곡선

Let the curve be given by \(\overrightarrow{r}(t)=(\cos t,\sin t, 3t)\). Find the arclength from \((1,0,0)\) to \((1,0,6\pi)\) and the curvature which is constant.

At \((1,0,0)\), \(t=0\) and at \((1,0,6\pi)\), \(t=2\pi\)

 \(\overrightarrow{r}'(t)=(-\sin t,\cos t, 3)\)

\(|\overrightarrow{r}'(t)| =\sqrt{\sin^2 t+\cos^2 t +9}=\sqrt{10}\)

The arclength is given by

\(L=\int_{0}^{2\pi}|\overrightarrow{r}'(t)| \,dt=\int_{0}^{2\pi}\sqrt{10}\,dt=2\sqrt{10}\pi\)
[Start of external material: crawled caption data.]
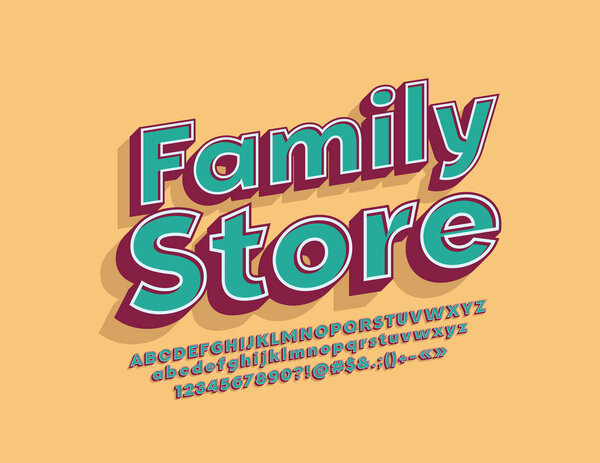 Vector retro emblem Family Store with Trendy Font. Hipster style 3D Alphabet Letters, Numbers and Symbols 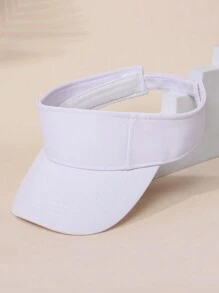 1 件装儿童遮阳帽可调节女孩高马尾网球帽运动男孩跑步高尔夫遮阳帽 - 白色 - 查看 1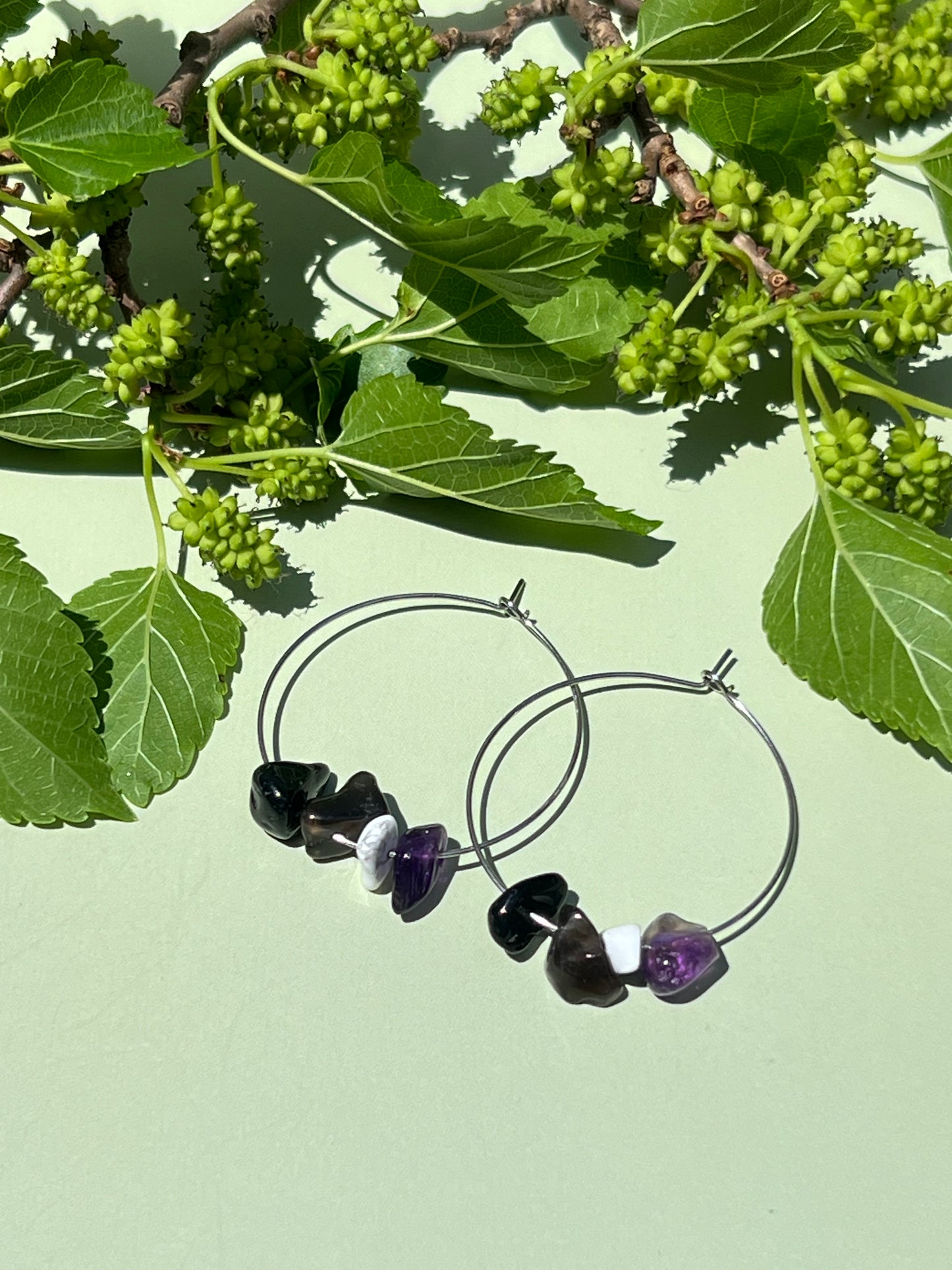 Asexual Pride Flag Hoop Earrings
\(\overrightarrow{T}(t)=\frac{\overrightarrow{r}'(t)}{|\overrightarrow{r}'(t)|}=\frac{(-\sin t,\cos t, 3)}{\sqrt{10}}\)

\(\overrightarrow{T}'(t)=\frac{(-\cos t,-\sin t, 0)}{\sqrt{10}}\)

\(k=\frac{|\overrightarrow{T}'(t)|}{|\overrightarrow{r}'(t)|}=\frac{\frac{|(-\cos t,\sin t, 0)|}{\sqrt{10}}}{\sqrt{10}}=\frac{1}{10}\)